L’orchestre de firlinfeu comprend 25 à 30
flûtes de Pan de 7 tessitures différentes ; les
plus petites s’appellent "cantini", les moyennes
"controcanti" et "bassetti", les plus grandes
"bassi". Les noms génériques donnés à ces
instruments diffèrent selon les lieux : firlinfeu,
siringa, fregamunson, piffero. Elles sont
fabriquées avec des roseaux poussant en pleine
terre. Les tubes sont maintenus par 4 à 6 éclats
de roseaux répartis deux à deux sur chaque
face de l’instrument et liés avec de la ficelle.
Les tuyaux les plus longs présentent, au niveau
de l’embouchure, un empilage conique
composé de bagues découpées dans des cannes
de roseaux de différents diamètres et collées les
unes sur les autres. Cet artifice permet de
faciliter l’insufflation et de jouer la note
fondamentale du tuyau et non ses partiels.
L’orchestre est organisé en trois sections .
la section "chant" comprenant de 6 à 8
instruments, subdivisée en 4 voix : primo
cantabile, secondo cantabile, terzo cantabile et
quarto cantabile. Cette section, confiée aux
musiciens les plus expérimentés, joue la
mélodie.
la section "accompagnement", composée
d’instruments de taille intermédiaire, joue les
contretemps composés d’accords harmoniques.

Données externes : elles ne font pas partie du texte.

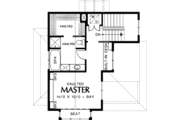Craftsman Style House Plan - 1 Beds 2 Baths 1105 Sq/Ft Plan #48-370 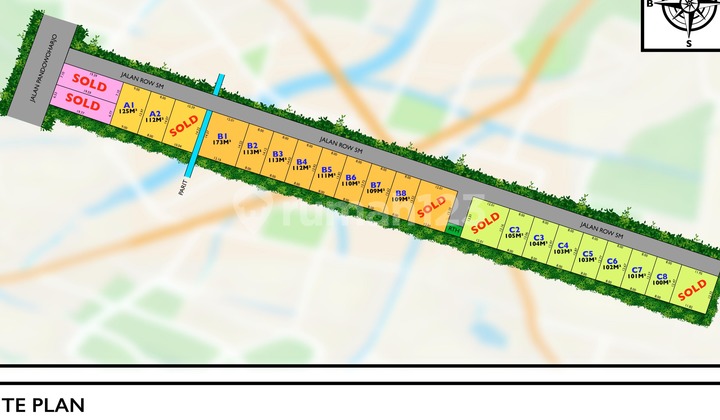 Jual Murah Bisa Tempo - Kavling Siap Bangun Tepi Jalan Raya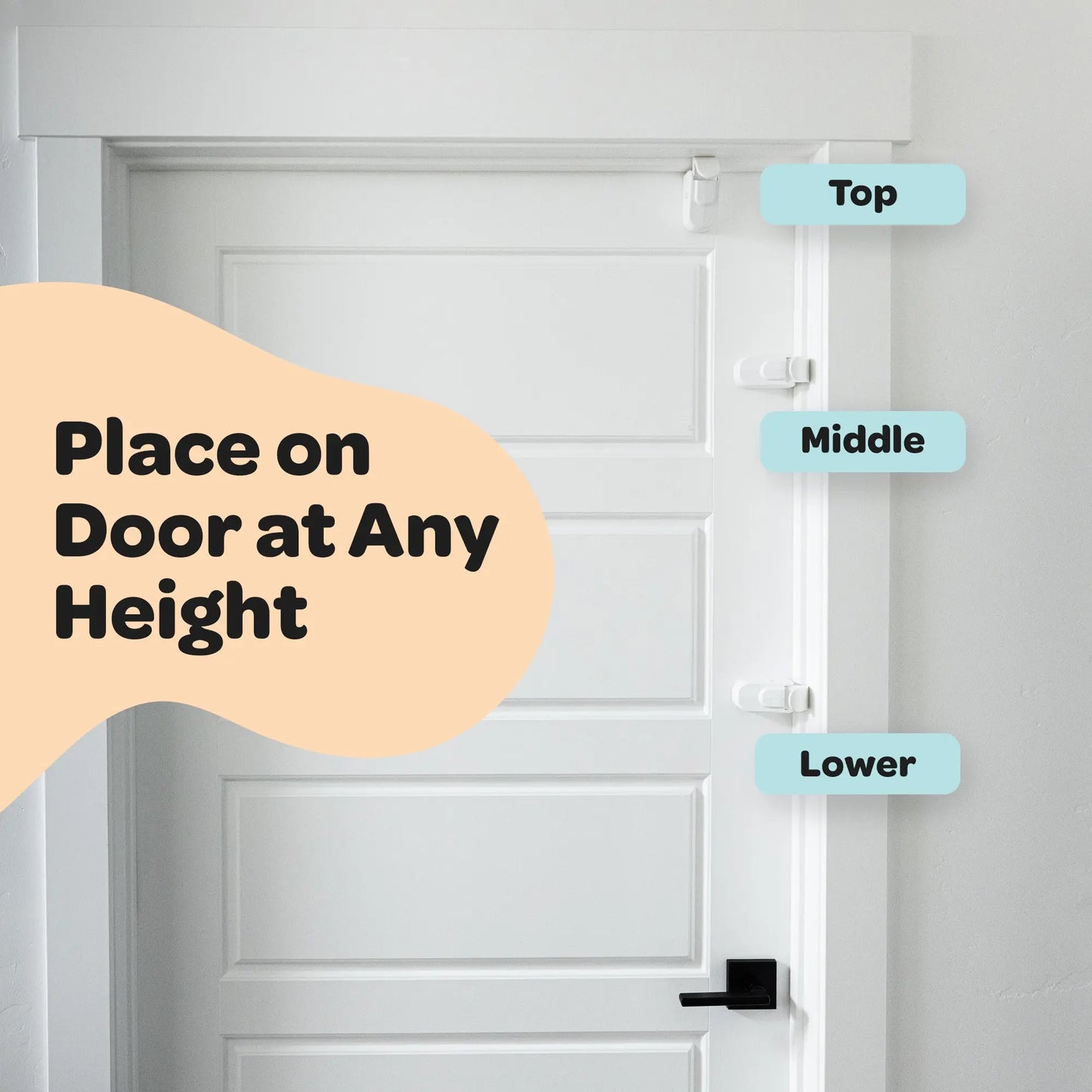 The Huglock Snap-On Door Lock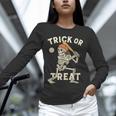 Skeleton Baseball Halloween Costume Men Boys Kids Tee Unisex Long Sleeve T-Shirt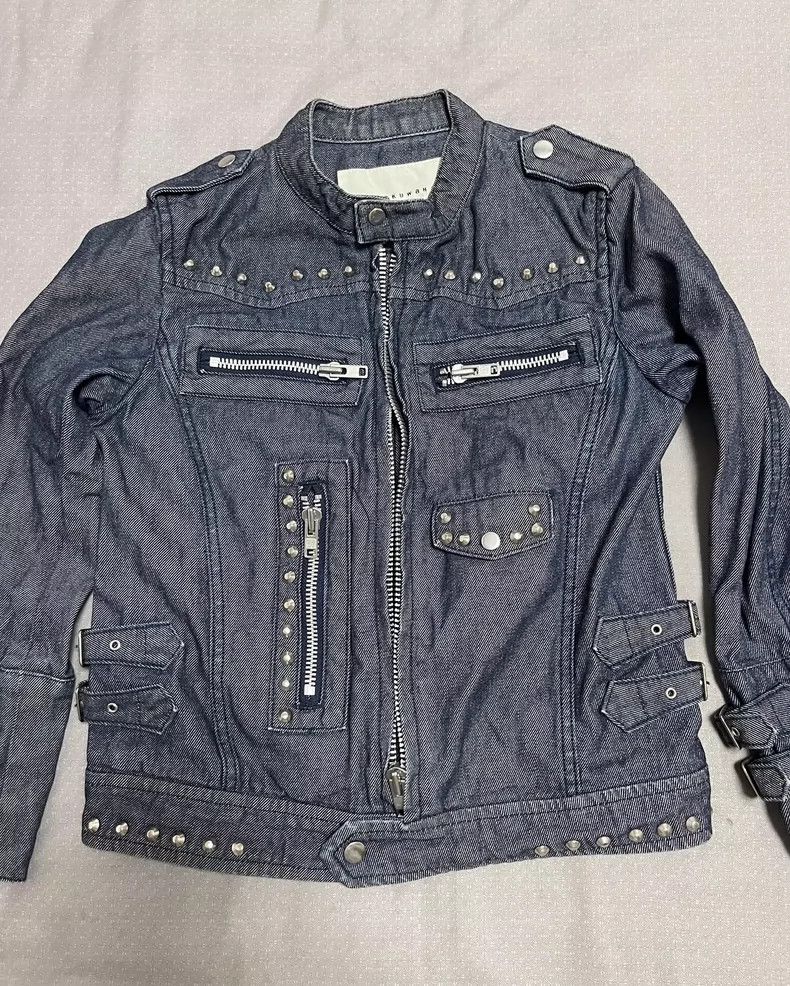 Yohji Yamamoto Vintage Studded Denim Jacket Outerwear Size M / US 6-8 / IT 42-44 - 2 Thumbnail
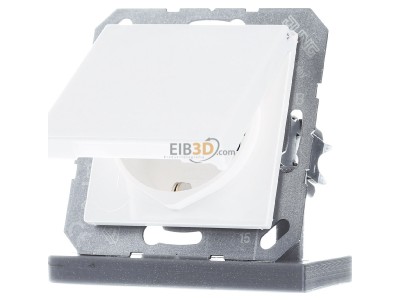 Frontansicht Jung A 1520 KIKL WW SCHUKO-Steckdose 16A�250V Klappdeckel 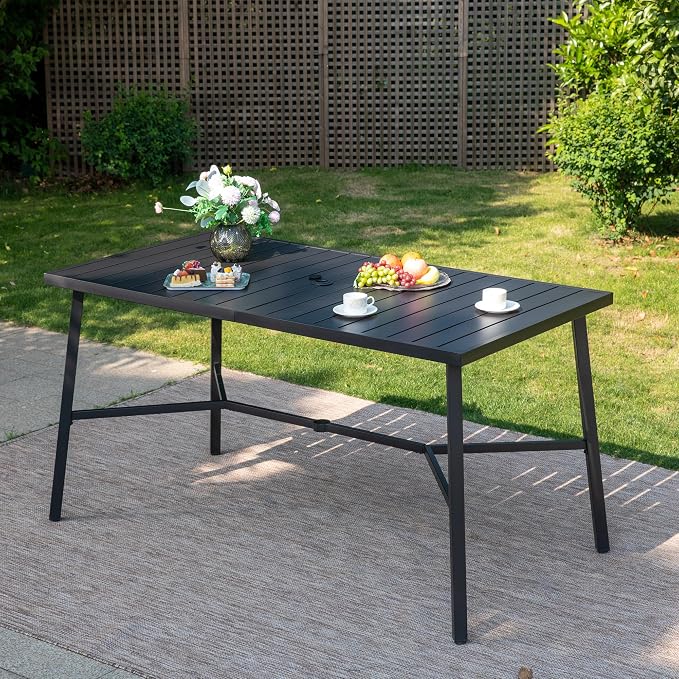 PHI VILLA Outdoor Bar Table, Patio Counter Height Pub Dining Table by PHIVILLAThepioneerofcomfortablehouseholdsupplies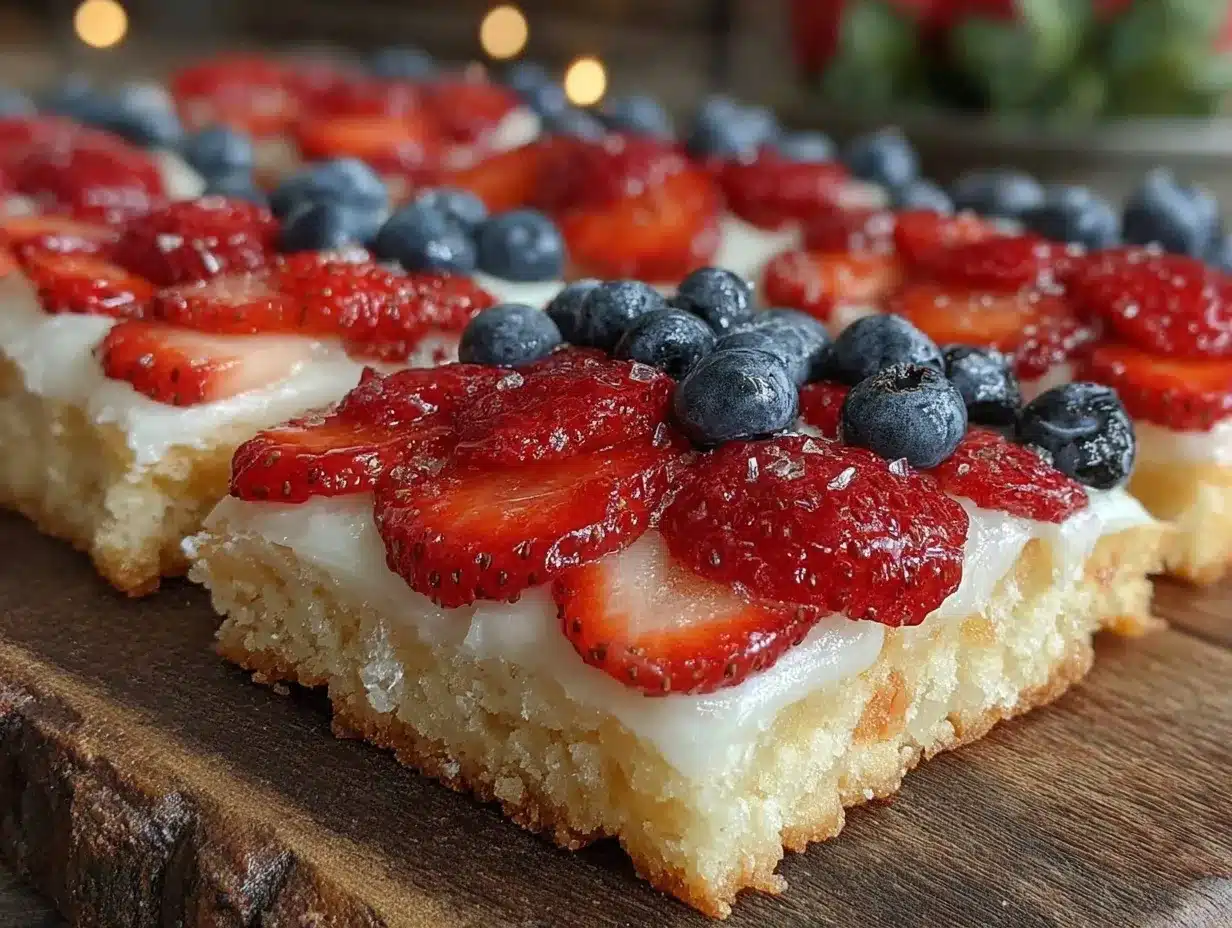 mini american flag fruit pizzas preparation steps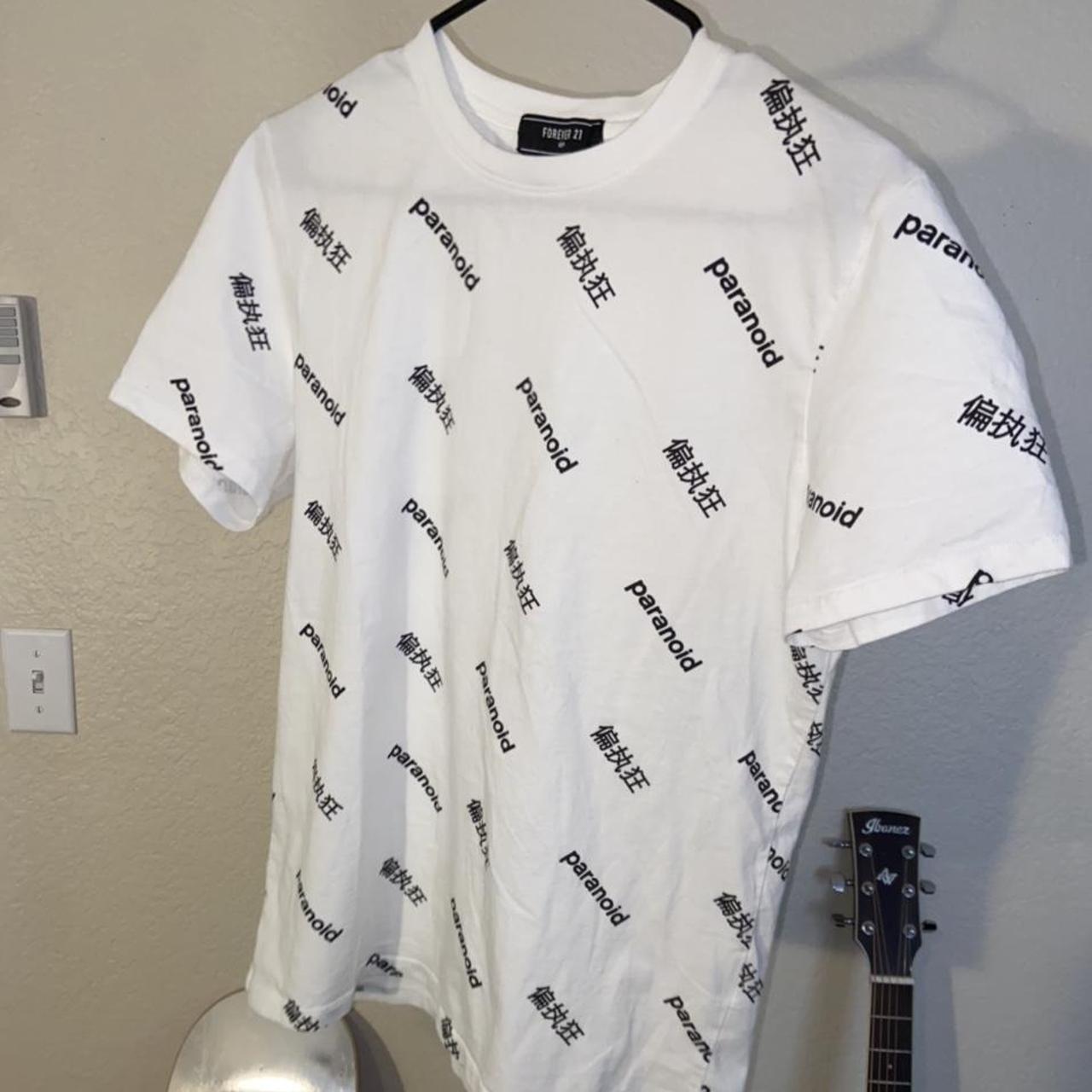 paranoid shirt forever 21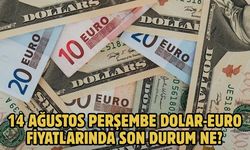 14 AĞUSTOS PERŞEMBE DOLAR-EURO FİYATLARINDA SON DURUM NE?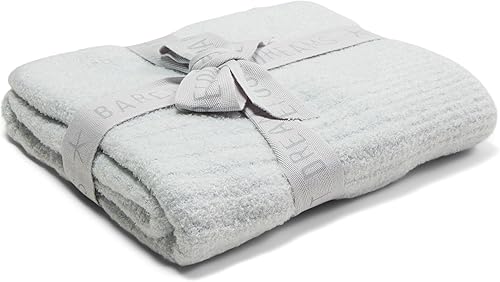 Barefoot Dreams CozyChic Lite Baby Receiving Blanket, Moonbeam, 30'x30' - Jamouz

la section "rythmique", composée des plus
grands instruments atteignant l,40m et
possédant jusqu’à 32 tubes . Les flûtes
"bassetti" sont plus hautes d’une octave que les
"bassi", mais les deux jouent la basse composée
de la tonique et de la dominante. Sur les flûtes
"bassi", seule l’octave inférieure est jouée, les
tuyaux supplémentaires n’apportant qu’une
esthétique à l’ensemble.
Les instruments du groupe "I Bej" sont
accordés en La bémol. Ils sont fabriqués par
Camillo Brambilla, artisan de Bernareggio,
dans la région de Milano.
Les costumes masculins
Les hommes portent de petits souliers avec une
boucle "à la Renzo", un pantalon en velours
vert bouteille fermé au genou et soutenu par
une écharpe polychrome pendant sur le côté
gauche, des bas blancs, un bourgeron blanc à
large col et manchettes retournées à l’extérieur
sur une veste en velours vert sombre ornée de
boutons dorés, un chapeau à larges bords
assorti d’une plume de faisan à gauche. L’hiver,
le costume est complété par un manteau en
drap marron. Les jours de pluie, les Bej
emploient des parapluies en cotons aux
couleurs vives.
Les costumes féminins
Les vêtements féminins n’ont pas subi de grandes modifications du XVIème siècle jusqu’à la moitié du siècle passé et pourtant on a conservé cette ligne pour les costumes des Lucia à la suite des Bej. La jupe, large et longue, avec une bande décorative à la base, laisse parfois entrevoir les larges culottes bordées de dentelle et égayée sur le devant par un tablier. Une chemise blanche à longues manches, aux manchettes et au col ornés de dentelles, sort d’un corset de velours noir qui suit la flexuosité du corps. Les Lucia portent dans leur chevelure, un peigne en éventail, qu’on appelle dans le dialecte du lieu "coaz" ou "spaden". Les jolis sabots, égayés par des rubans bariolés, ajoutent couleur et atmosphère. Pendant l’hiver, un grand châle complète le costume. Les jours de pluie, les Lucia emploient des parapluies en coton aux couleurs vives.